(EXTRACTED DATA begins)
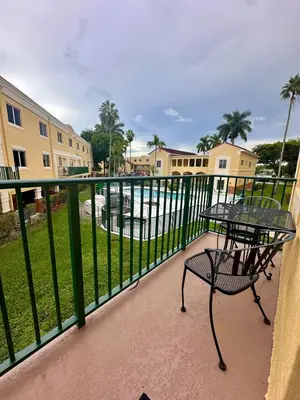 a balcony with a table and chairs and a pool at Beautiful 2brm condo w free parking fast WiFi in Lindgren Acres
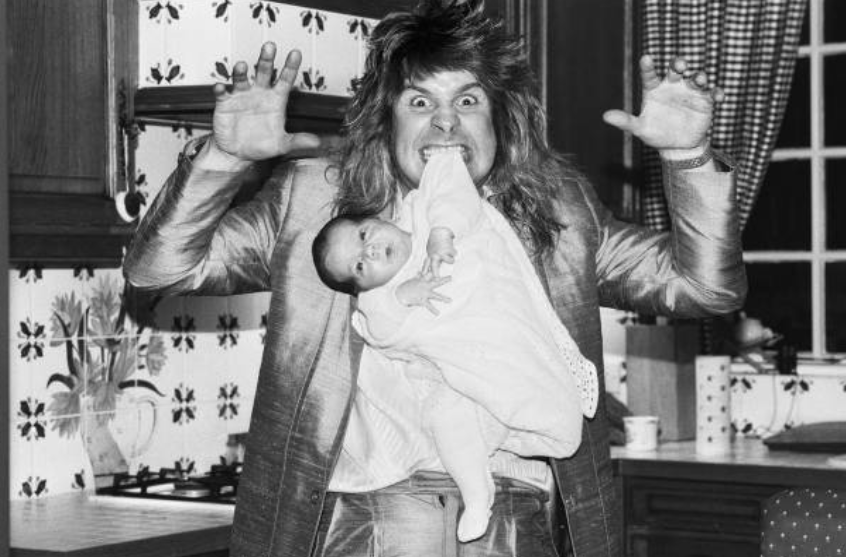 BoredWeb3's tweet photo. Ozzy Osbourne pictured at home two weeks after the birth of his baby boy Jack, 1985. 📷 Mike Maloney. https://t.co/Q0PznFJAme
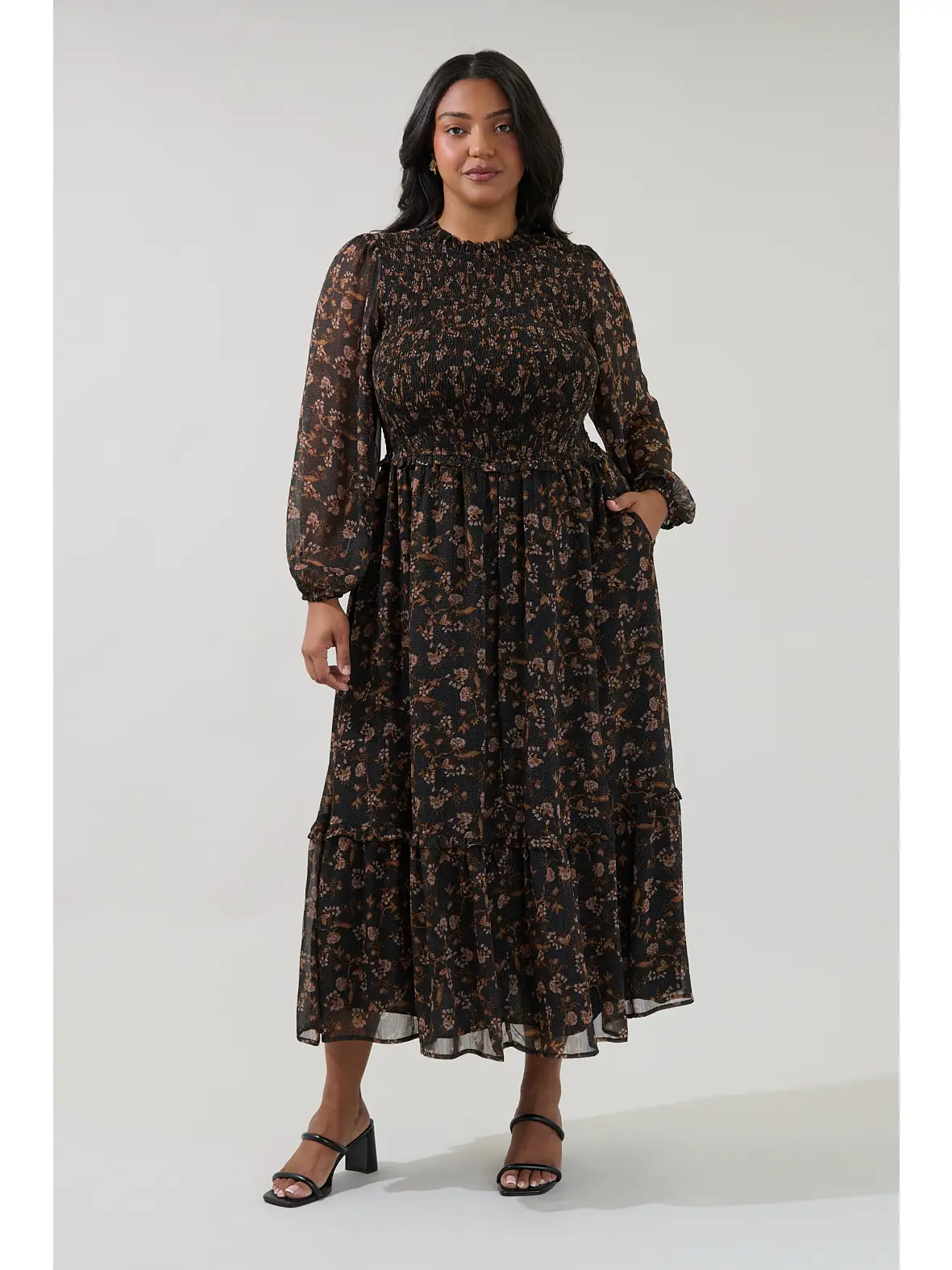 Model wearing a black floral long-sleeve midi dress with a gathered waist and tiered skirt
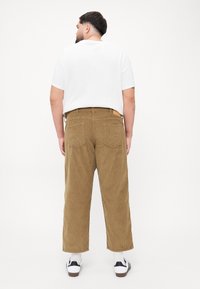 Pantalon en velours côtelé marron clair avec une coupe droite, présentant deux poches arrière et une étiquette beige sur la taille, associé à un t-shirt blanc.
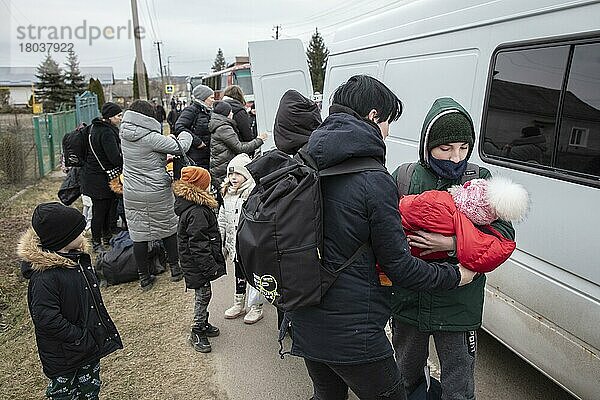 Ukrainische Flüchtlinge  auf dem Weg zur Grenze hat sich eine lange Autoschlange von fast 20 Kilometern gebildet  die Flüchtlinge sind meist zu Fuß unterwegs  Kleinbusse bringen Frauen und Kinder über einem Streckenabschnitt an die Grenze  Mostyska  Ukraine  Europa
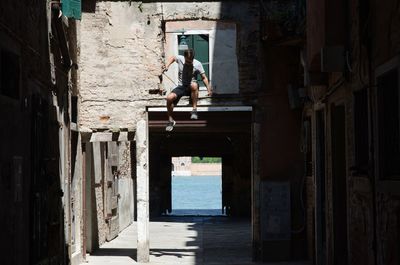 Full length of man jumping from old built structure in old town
(EXTRACTED DATA ends)
**WHAT TO WORK ON**
What's needed is an exact copy of every entry, free of pictures.

**TASK OUTPUT**
 a balcony with a table and chairs and a pool at Beautiful 2brm condo w free parking fast WiFi in Lindgren Acres
 BoredWeb3's tweet photo. Ozzy Osbourne pictured at home two weeks after the birth of his baby boy Jack, 1985. 📷 Mike Maloney. https://t.co/Q0PznFJAme
 Model wearing a black floral long-sleeve midi dress with a gathered waist and tiered skirt
 Pantalon en velours côtelé marron clair avec une coupe droite, présentant deux poches arrière et une étiquette beige sur la taille, associé à un t-shirt blanc.
 Ukrainische Flüchtlinge  auf dem Weg zur Grenze hat sich eine lange Autoschlange von fast 20 Kilometern gebildet  die Flüchtlinge sind meist zu Fuß unterwegs  Kleinbusse bringen Frauen und Kinder über einem Streckenabschnitt an die Grenze  Mostyska  Ukraine  Europa
 Full length of man jumping from old built structure in old town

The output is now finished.